Ucapan itu disinyalir mengandung pesan bahwa pembebasan para tawanan dapat membuka jalan untuk mengakhiri serangan Israel ke Gaza.
Sementara itu, Haartez mengutip sumber politik Israel yang menyebutkan bahwa “hari-hari ini sangat krusial dan ada pergerakan diplomatik yang belum diumumkan, berpotensi mengarah pada kesepakatan.”
Sehari sebelumnya, Yedioth Ahronoth melaporkan bahwa keluarga para tawanan Israel mendesak Trump turun tangan untuk mendorong tercapainya kesepakatan pertukaran.
“Ciptakan sejarah dengan menjadi sponsor perjanjian yang mengembalikan para tawanan dan mengakhiri perang,” demikian seruan keluarga tersebut kepada Trump.
Namun, Perdana Menteri Israel Benjamin Netanyahu—yang kini berstatus buronan Mahkamah Pidana Internasional—menolak gagasan kesepakatan parsial.
Ia bersikeras hanya akan menerima kesepakatan penuh, dengan dalih telah memperoleh “dukungan penuh dari Presiden AS Donald Trump.”
Hamas sendiri bulan lalu sudah menyatakan kesediaannya menerima usulan mediator Qatar dan Mesir terkait gencatan senjata dan pembebasan tawanan.
Akan tetapi, hingga kini pemerintah Israel belum menyampaikan jawaban resmi.
Tekanan dari jalanan
Di dalam negeri, ribuan warga Israel kembali menggelar aksi protes di Yerusalem dengan berjalan menuju kantor pemerintahan, Rabu (3/9).
Mereka menuntut diakhirinya perang di Gaza dan segera memulangkan tawanan.

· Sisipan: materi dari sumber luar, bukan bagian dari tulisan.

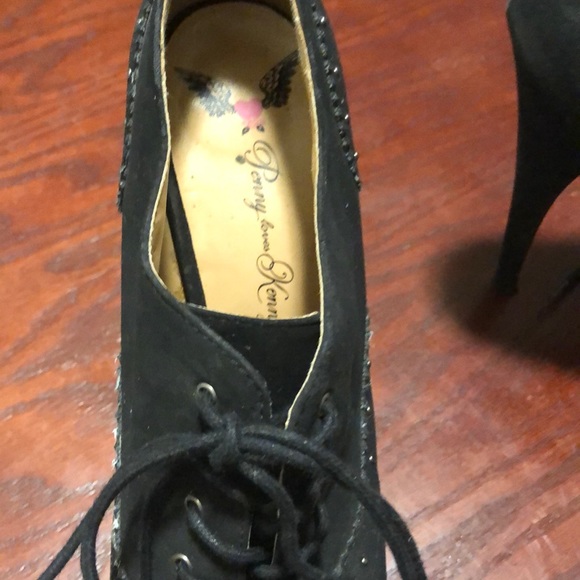 High heels - Picture 4 of 4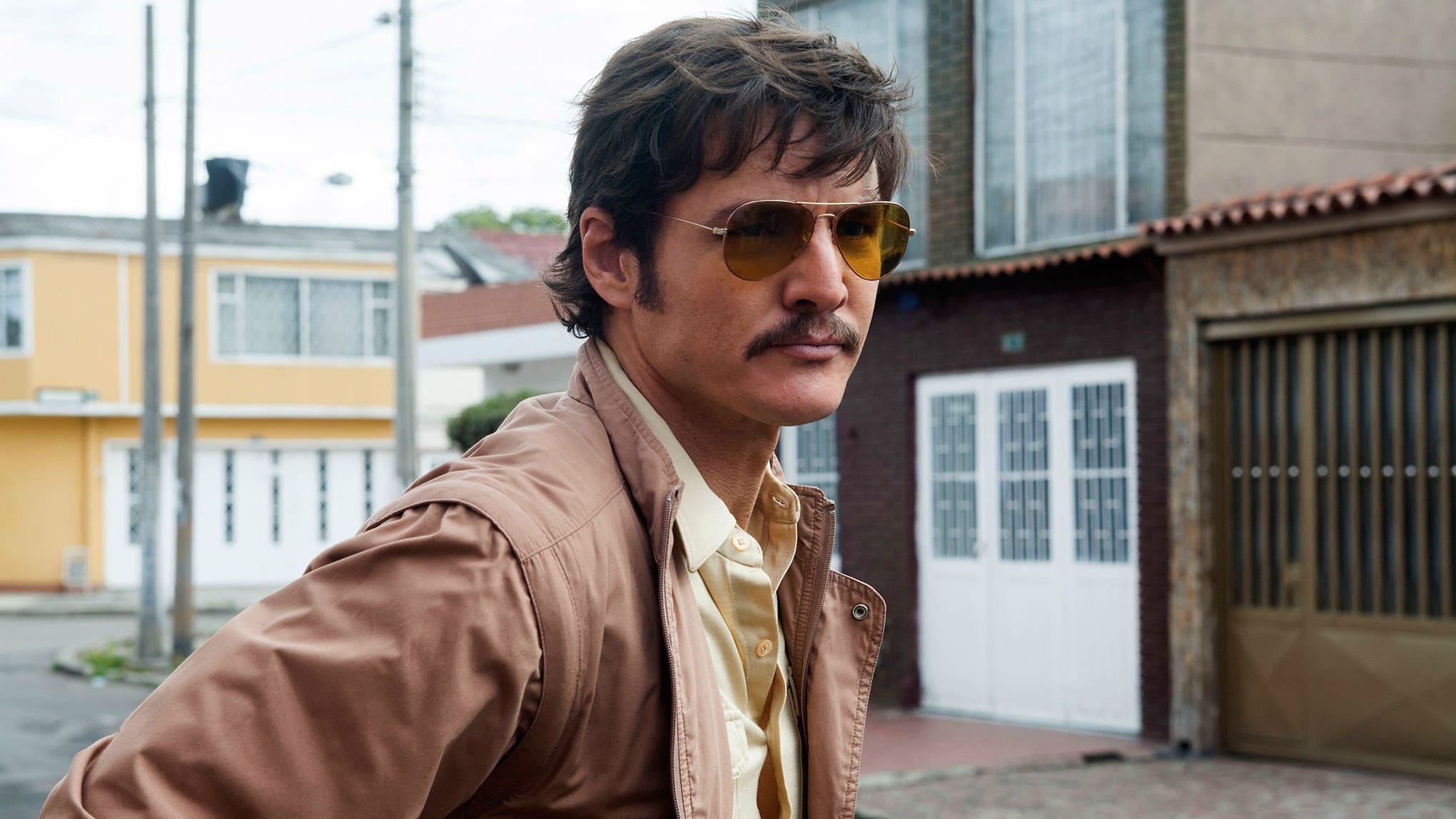 Pedro Pascal in una scena di Narcos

Para pengunjuk rasa membawa spanduk dan simbol provokatif, termasuk replika peti mati berbalut bendera Israel, yang dimaksudkan sebagai peringatan bahwa perang berkepanjangan hanya akan menambah korban jiwa dari pihak militer Israel.
Dalam aksi itu, poster bergambar Netanyahu juga tampak dibentangkan, disertai tuduhan bahwa kelalaiannya menjadi penyebab serangan 7 Oktober 2023, serta kecurigaan bahwa ia sengaja memperpanjang perang demi kepentingan politik pribadi.